The giant male figure is the size of a 4m square box, and seems to be inspired by the Aboriginal people of Australia. The artist is an Australian named “Ron Mueck”. Similar figurine works by this person are also on display at the “Towada Art Center” in Japan. It is giant figure of a middle-aged woman, and title is “Standing Woman”. Both are impressive.

The most amazing part was the installation area on the 0th floor. The rooms are separate and one work in each room. The exhibit is permanent. When I visited there were eight works. In other words, there were eight separate rooms.

It comes down to personal preference, but Mariko Mori’s “Tom Na H-iu” and James Turrell’s light works are impressive. Mariko Mori’s Tom Na H-iu original work locates at a pond in Teshima, in the Seto Inland Sea in Japan. If you impressed on this work, you should definitely visit the original in Teshima in Japan.

In addition, the “Storm House” was a work recreated the scene of a storm occurring in the space of a Japanese house. Like Mariko Mori mentioned above, this work also locates on Teshima Island in the Seto Inland Sea. This museum may have something to do with Benesse Art Site Naoshima, which manages these two works.

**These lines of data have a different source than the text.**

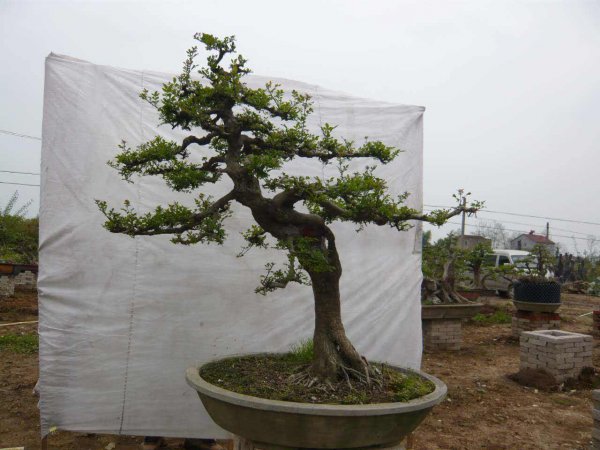 对节白蜡盆景如何剪枝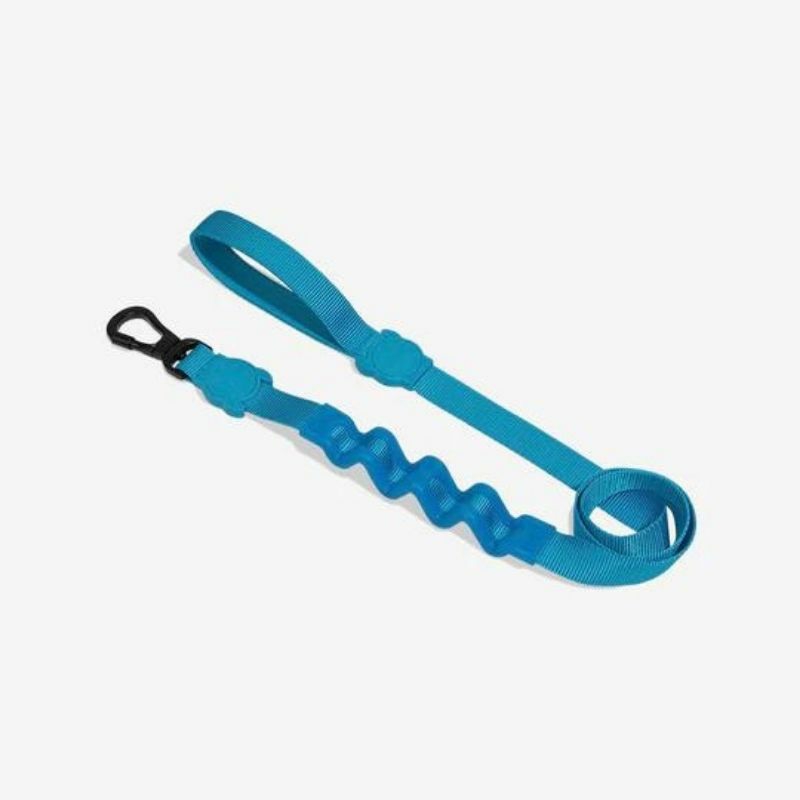 Ruff Leash For Dogs – Ultimate Blue Accessories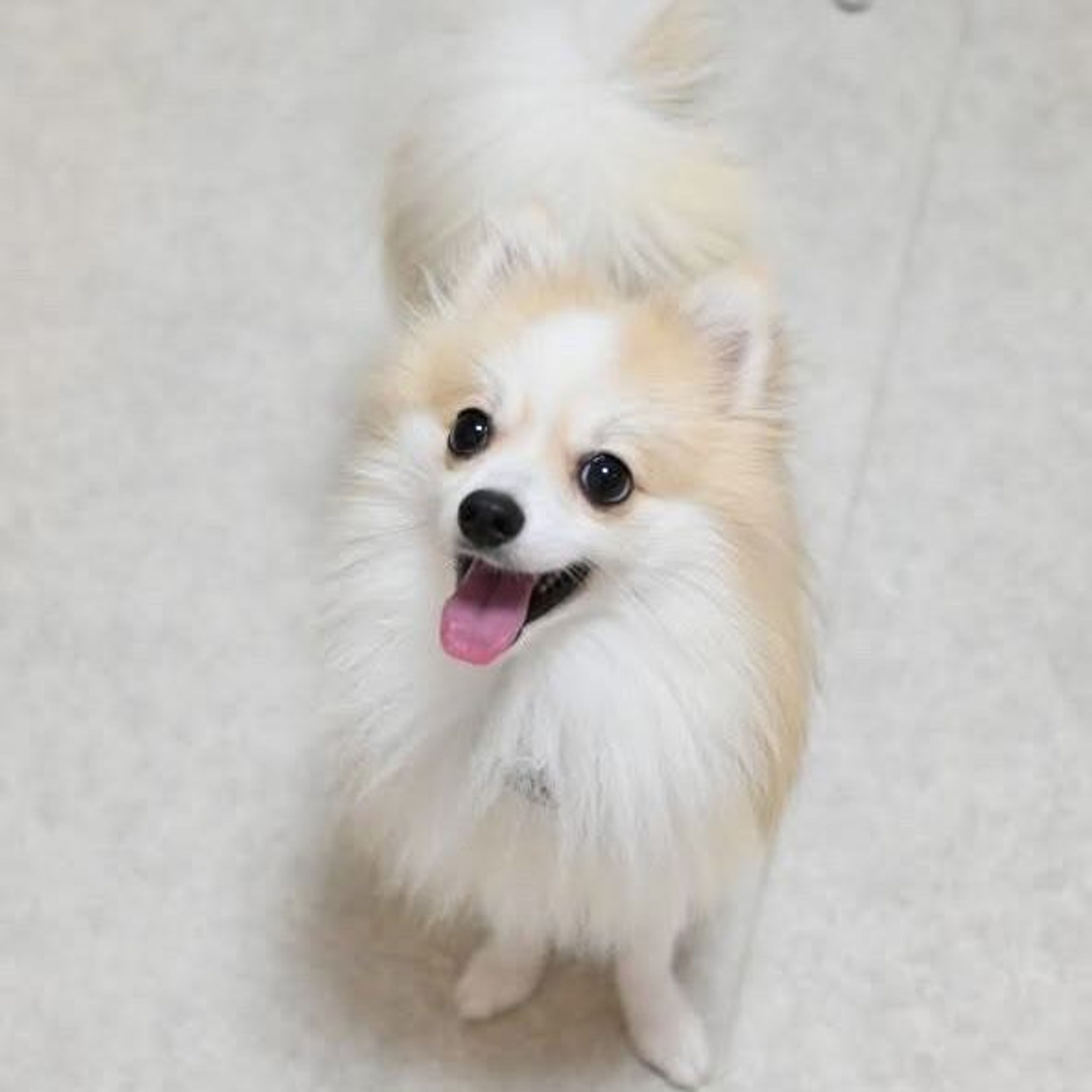 pet-image-9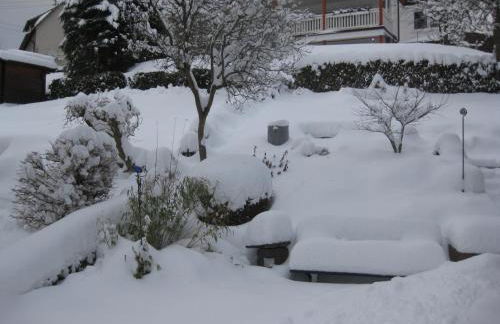 Ferienwohnung Richter - Foto 35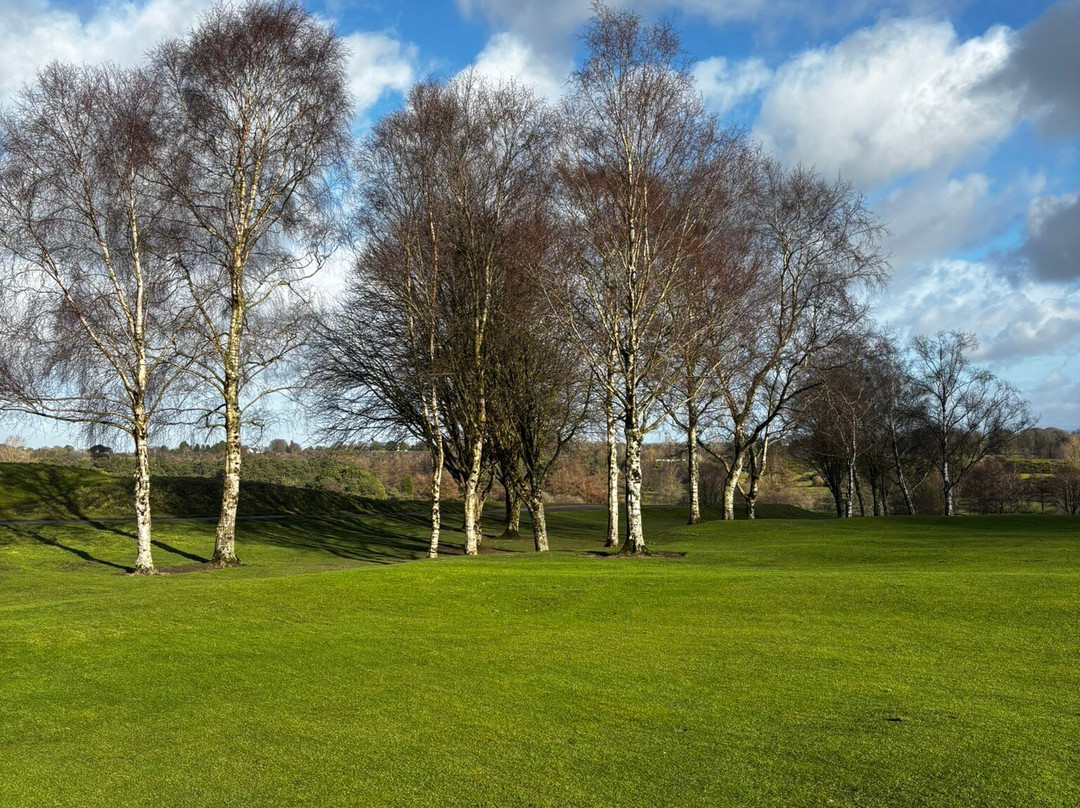 Royal Curragh Golf Club-The Curragh必去景点
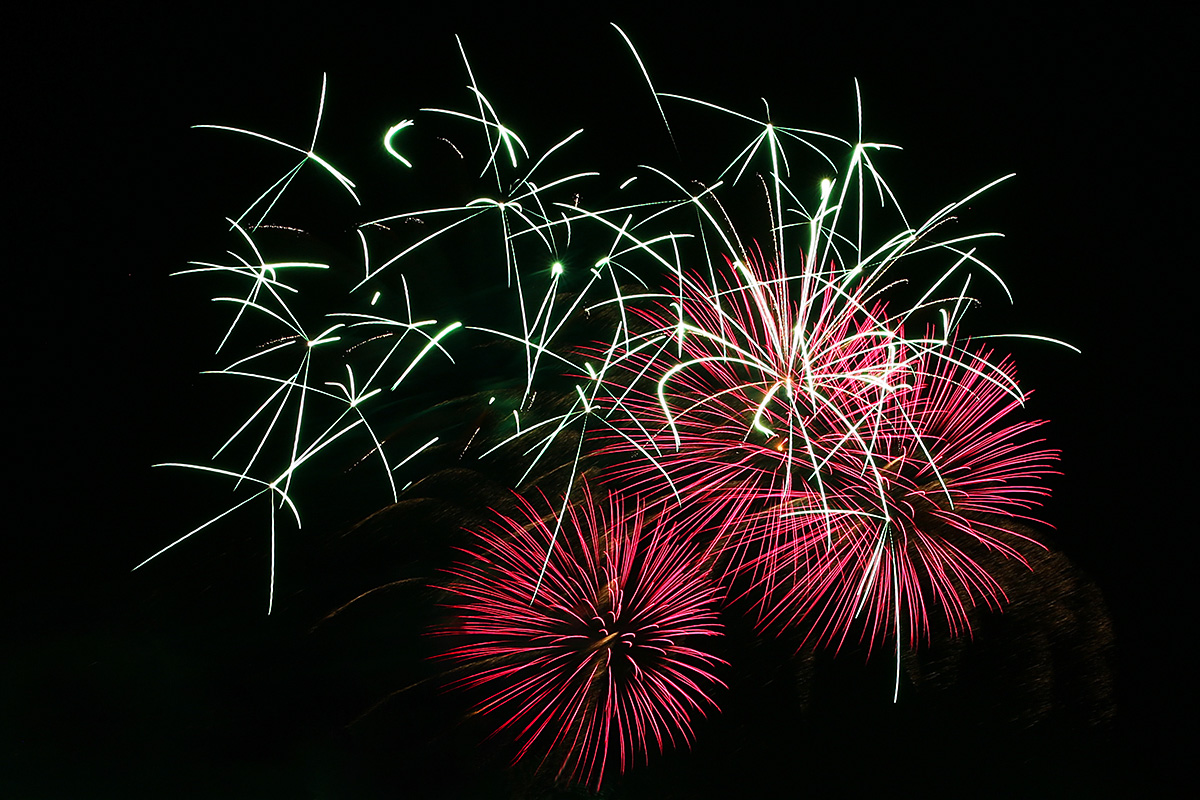 Swiss National Day Celebrations on the Rhine (7)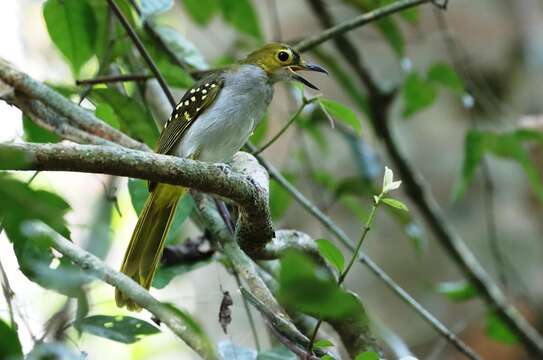 Nicator chloris (Valenciennes 1826)的圖片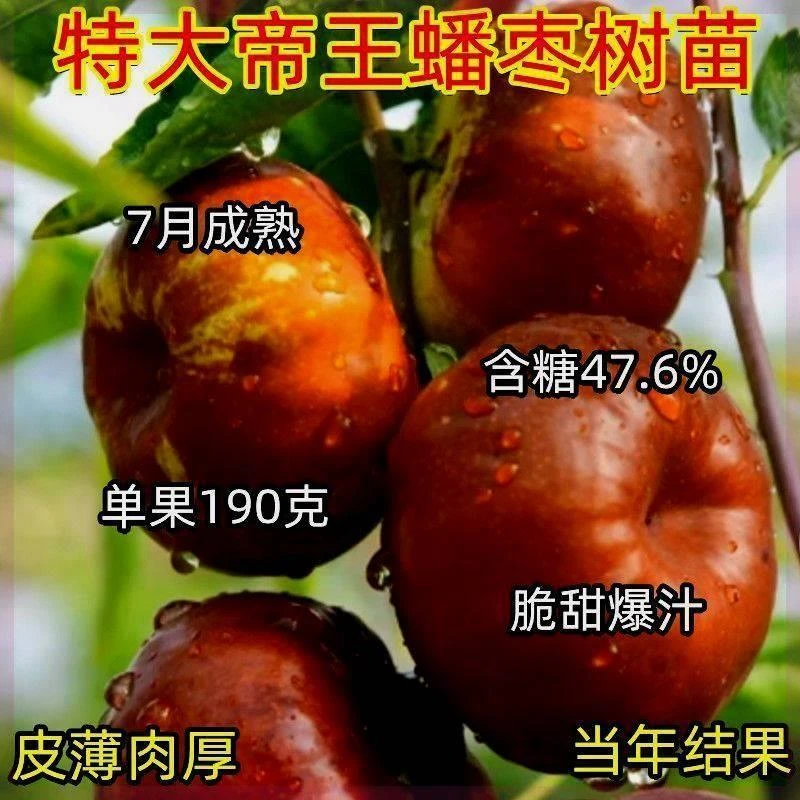 正宗早熟蟠枣树苗新品种枣树苗嫁接大耐寒盆栽地栽南北种植当年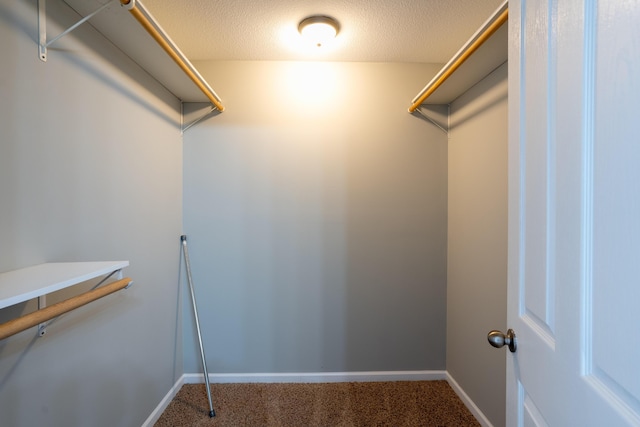 walk in closet with carpet floors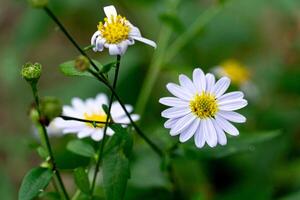 Flowers background in the garden of daisies. White flowers circular petals yellow stamens. Blurred image of trees with green leaves and brown ground. photo
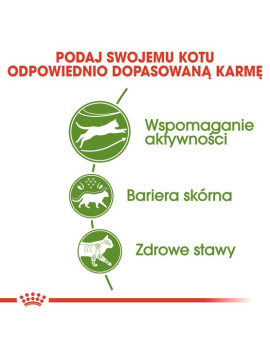 Royal Canin Outdoor karma sucha dla kotów dorosłych, wychodzących na zewnątrz 400g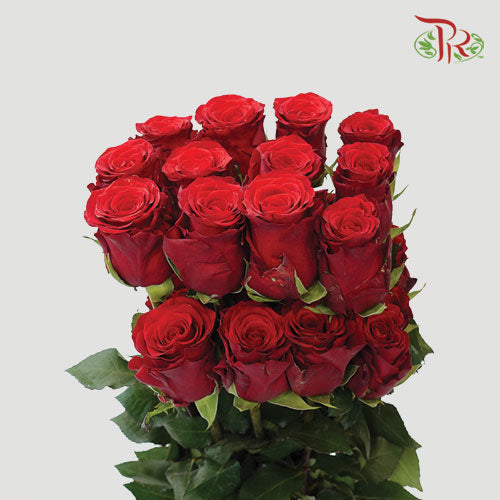 Ceres Rose - Rediant (25 Stems)-Red-Ecd-prflorist.com.my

Personally, I feel that the format of arranging a small independent room and displaying only one work has the effect of stimulating the senses of the viewer. I felt that it is worth visiting this museum to see this installation area.

Lastly, I would like to write about the restroom. The museum’s largest restroom, located on the fourth floor where the reception, restaurant, and shop locate, is unisex. There were no urinals for men, all rooms were private, and there were no separate spaces for men and women. I have seen this format in several places in Denmark and Sweden, and it may be a sign of the high awareness of gender equality (gender-free).

Although it is inconvenient to access, it is a wonderful museum that is worth to take time to have a surprise. Please visit.

Visited in 2024.

Basic Information

​■ Name : ARoS Asrhus Art Museum
■ Address : Aros Allé 2, 8000 Aarhus, Denmark
​■ Homepage:
■ Others

  • Aarhus is 3 hours by train from Copenhagen. Day trip from Copenhagen is possible. The museum is large, so it is better to have a plan on spending at least three hours, including lunch at the cafe/restaurant. It takes about 10 minutes to walk from Aarhus station to the museum. However, in winter, the road may be snowy, and the road in front of the museum is uphill, so you need to allow plenty of time.
  • Trains to and from Copenhagen do not run according to schedule, so you need to take this into account (in the author’s case, arrived 15 minutes late on the way, and the train booked on the return was canceled, the rescheduled train arrived in Copenhagen 40 minutes late).
  • The train was packed both on the way and back. Advance ticket purchase and seat reservations are strongly recommended.